War Baby

Great post by Gerry Hassan (Lessons from Anzio: Scots do not need to cling to the wreckage of Britain‘) which chimes with part of Jamie Maxwell’s argument. It also highlights a real crisis at the heart of the Unionist argument, an inability to see beyond warship Britain, where jobs in a heavily militarised Scotland are not only the only option for our foreseeable future but are an intrinsic part of our national identity (sic).

The UK as a body politic is in moral crisis and decline, and Scots need to decide whether it can be realistically reformed or whether we should morally reconstitute ourselves as a self-governing political community.

Whatever we choose to do central to our considerations is recognising the nature of the UK. It has always been as ‘The Economist’ recently observed a ‘warrior state’. Since 1945 the number of years British armed forces have not been deployed in active combat has been a mere one, 1968, the gap between the Aden military adventure and the onset of the Northern Ireland ‘troubles’.

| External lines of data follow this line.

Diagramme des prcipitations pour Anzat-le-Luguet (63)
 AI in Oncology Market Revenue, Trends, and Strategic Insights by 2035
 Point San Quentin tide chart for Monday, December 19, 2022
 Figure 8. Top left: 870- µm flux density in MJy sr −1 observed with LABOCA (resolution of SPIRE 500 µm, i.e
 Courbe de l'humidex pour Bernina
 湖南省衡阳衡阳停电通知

Britain promised men like Cyril Ilett a better Britain than this, and we have let him and countless others like him badly down, as well as subsequent generations. Now we face a Westminster Government under Cameron and company tearing down the last vestiges of the social contract and common bonds which mark us out as a civilised society.

Some say in response to this that we cannot make a Scottish decision solely based on detesting the current incumbents, and that a more realistic answer is to elect a Labour Westminster Government. What this deliberately misses is the cumulative impact of Thatcher and her heirs, Blair and Brown, in building this grotesque political state of affairs.

Read the full piece here.

Comments (2)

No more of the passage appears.